When using a rotating or flipping transformation, note that structures will extend in a different direction. For example, a structure extending to positive X will extend to negative X when flipped in the X-axis:

from gdpc import Editor, Block, Transform
from gdpc.geometry import placeCuboid, placeCheckeredCuboid

def buildExampleStructure(editor):
    editor.placeBlock((0,0,0), Block("yellow_concrete"))
    placeCuboid(editor, (1,0,0), (3,0,0), Block("red_concrete"))
    placeCuboid(editor, (0,1,0), (0,2,0), Block("lime_concrete"))
    placeCuboid(editor, (0,0,1), (0,0,3), Block("blue_concrete"))

editor = Editor()

with editor.pushTransform((0,99,0)):
    placeCheckeredCuboid(
        editor,
        (-4,0,-2), (4,0,10),
        Block("gray_concrete"), Block("white_concrete")
    )

    with editor.pushTransform(Transform((0,1,0))):
        buildExampleStructure(editor)

    with editor.pushTransform(Transform((0,1,5), flip=(True, False, False))):
        buildExampleStructure(editor)
../_images/flipped-volume-1.png

When flipped in the X-axis, the structure extends in a different direction.
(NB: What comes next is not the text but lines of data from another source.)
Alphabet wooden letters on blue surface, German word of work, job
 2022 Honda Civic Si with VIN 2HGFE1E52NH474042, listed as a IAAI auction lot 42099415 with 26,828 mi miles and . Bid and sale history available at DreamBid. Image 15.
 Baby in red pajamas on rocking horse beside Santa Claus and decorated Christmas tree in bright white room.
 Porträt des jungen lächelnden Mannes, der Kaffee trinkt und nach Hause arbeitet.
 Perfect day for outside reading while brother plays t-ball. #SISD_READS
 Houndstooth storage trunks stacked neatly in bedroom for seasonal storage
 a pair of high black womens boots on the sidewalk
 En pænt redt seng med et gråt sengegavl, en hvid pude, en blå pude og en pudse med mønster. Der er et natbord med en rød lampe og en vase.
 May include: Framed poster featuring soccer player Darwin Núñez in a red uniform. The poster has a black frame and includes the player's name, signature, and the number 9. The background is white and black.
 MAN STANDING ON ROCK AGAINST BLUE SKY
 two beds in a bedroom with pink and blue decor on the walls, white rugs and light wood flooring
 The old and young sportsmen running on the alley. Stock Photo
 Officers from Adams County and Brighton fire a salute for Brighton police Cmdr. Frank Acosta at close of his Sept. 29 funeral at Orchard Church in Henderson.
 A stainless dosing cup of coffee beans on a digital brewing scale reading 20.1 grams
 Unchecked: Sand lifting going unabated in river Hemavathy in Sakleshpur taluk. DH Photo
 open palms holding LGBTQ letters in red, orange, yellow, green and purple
If you want to “align” two structures that extend only in the positive directions, you need to correct for this effect by translating by the size of the structure minus one in certain axes. In this case, you would need to change (0,1,5) in the penultimate line to (3,1,5):

with editor.pushTransform(Transform((3,1,5), flip=(True, False, False))):
    buildExampleStructure(editor)
../_images/flipped-volume-2.png

Now the structures are aligned.

The transform module contains some helper functions that compute a Transform with these corrections built-in, given the size of the structure. One of these is flippedBoxTransform(). In the previous example, you could replace the last two lines with:

targetBox = Box((0,1,5), (4,3,4))
with editor.pushTransform(flippedBoxTransform(targetBox, (True, False, False))):
    buildExampleStructure(editor)
)

For more details, see the API reference.